Course pages 2012–13
Lecturer: Dr R.J. Gibbens
No. of lectures: 12
Suggested hours of supervisions: 3
Prerequisite courses: Probability, Mathematical Methods for Computer Science
The aims of this course are to introduce the concepts and principles of analytic modelling and simulation, with particular emphasis on understanding the behaviour of computer and communications systems.
- Introduction to modelling. Overview of analytic techniques and simulation. Little’s law.
- Introduction to discrete event simulation. Applicability to computer system modelling and other problems. Advantages and limitations of simulation approaches.
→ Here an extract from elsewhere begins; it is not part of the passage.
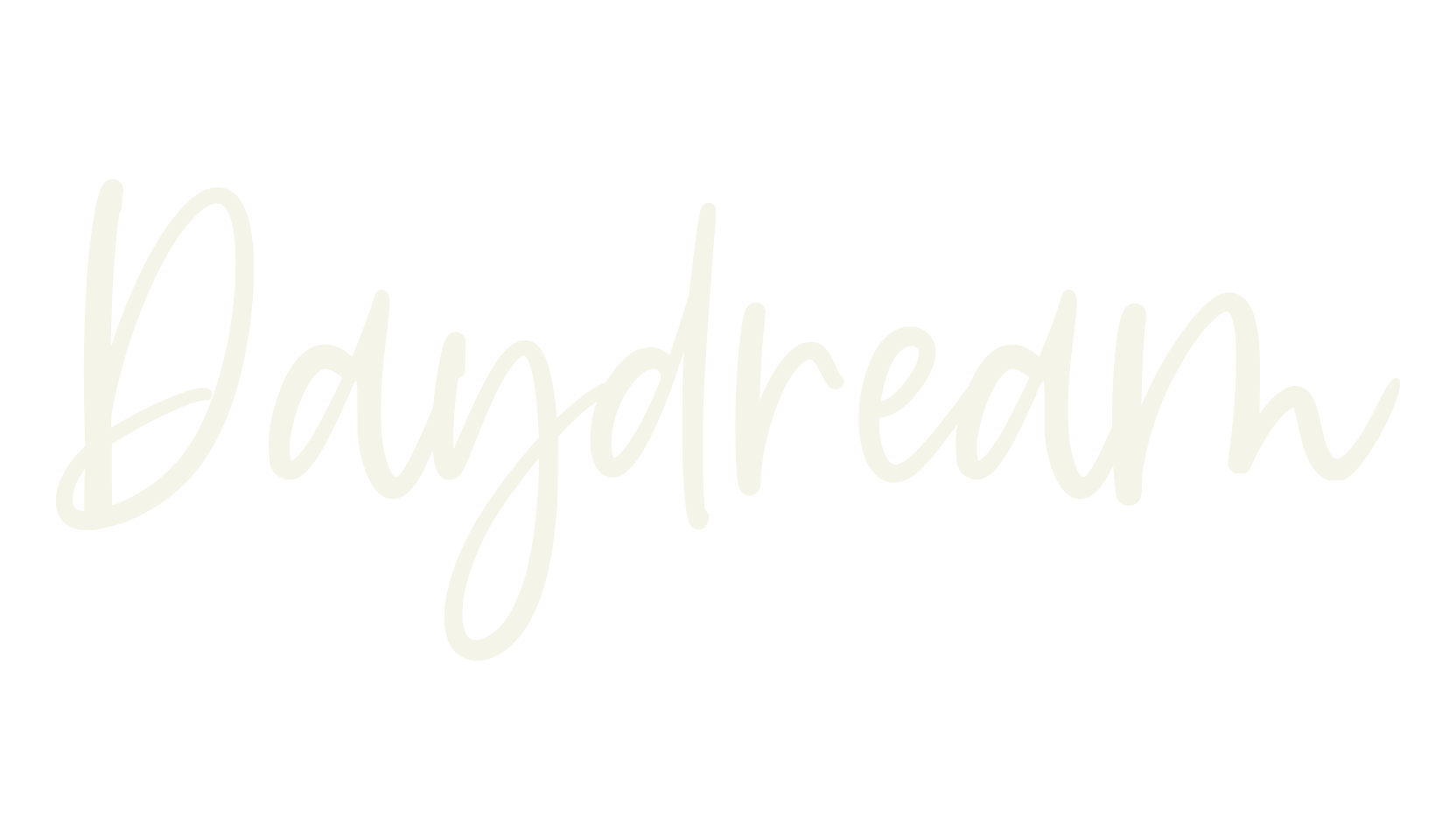 Daydream, fashion script font preview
- Random number generation methods and simulation techniques. Review of statistical distributions. Statistical measures for simulations, confidence intervals and stopping criteria. Variance reduction techniques. [2 lectures]
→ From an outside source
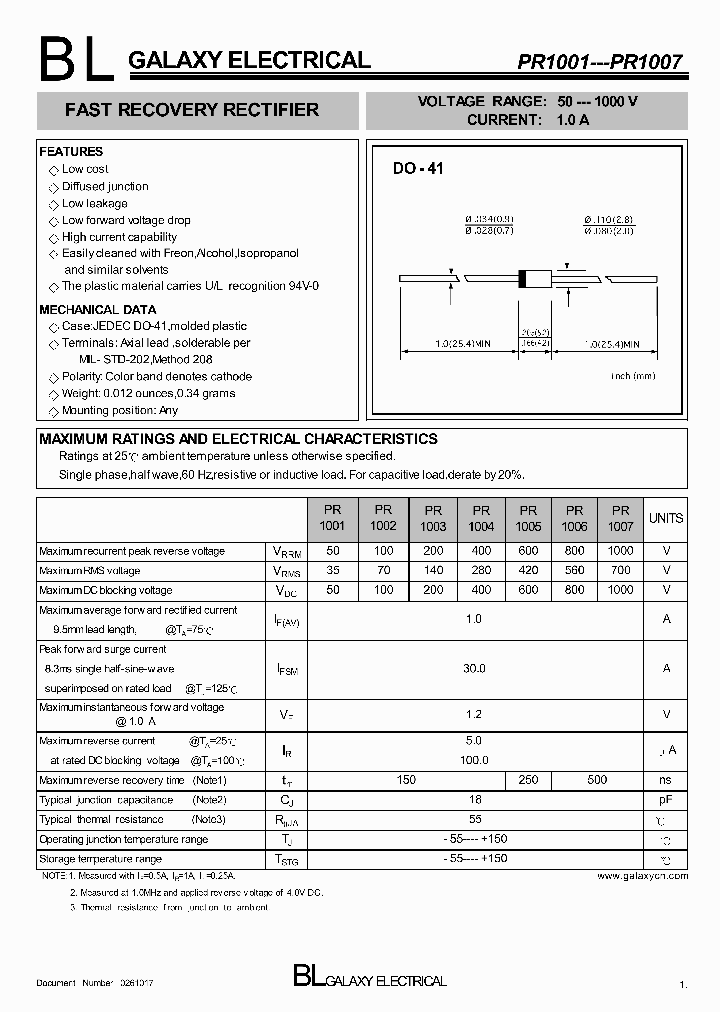 PR1001_4116756.PDF Datasheet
- Simple queueing theory. Stochastic processes: introduction and examples. The Poisson process. Advantages and limitations of analytic approaches. [2 lectures]
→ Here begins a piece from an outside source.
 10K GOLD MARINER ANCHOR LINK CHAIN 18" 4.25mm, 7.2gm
- Birth-death processes, flow balance equations. Birth-death processes and their relation to queueing systems. The M/M/1 queue in detail: existence and when possible solution for equilibrium distribution, mean occupancy and mean residence time. [2 lectures]
- Queue classifications, variants on the M/M/1 queue and applications to queueing networks. Extensions to variants of the M/M/1 queue. Queueing networks. [2 lectures]
- The M/G/1 queue and its application. The Pollaczek-Khintchine formula and related performance measures. [2 lectures]
At the end of the course students should
- be able to build simple Markov models and understand the critical modelling assumptions;
- be able to solve simple birth-death processes;
- understand that in general as the utilization of a system increases towards unity then the response time will tend to increase -- often dramatically so;
- understand the tradeoffs between different types of modelling techniques;
- be aware of the issues in building a simulation of a computer system and analysing the results obtained.
* Ross, S.M. (2002). Probability models for computer science. Academic Press.
Mitzenmacher, M. & Upfal, E. (2005). Probability and computing: randomized algorithms and probabilistic analysis. Cambridge University Press.
Jain, A.R. (1991). The art of computer systems performance analysis. Wiley.
Kleinrock, L. (1975). Queueing systems, vol. 1. Theory. Wiley.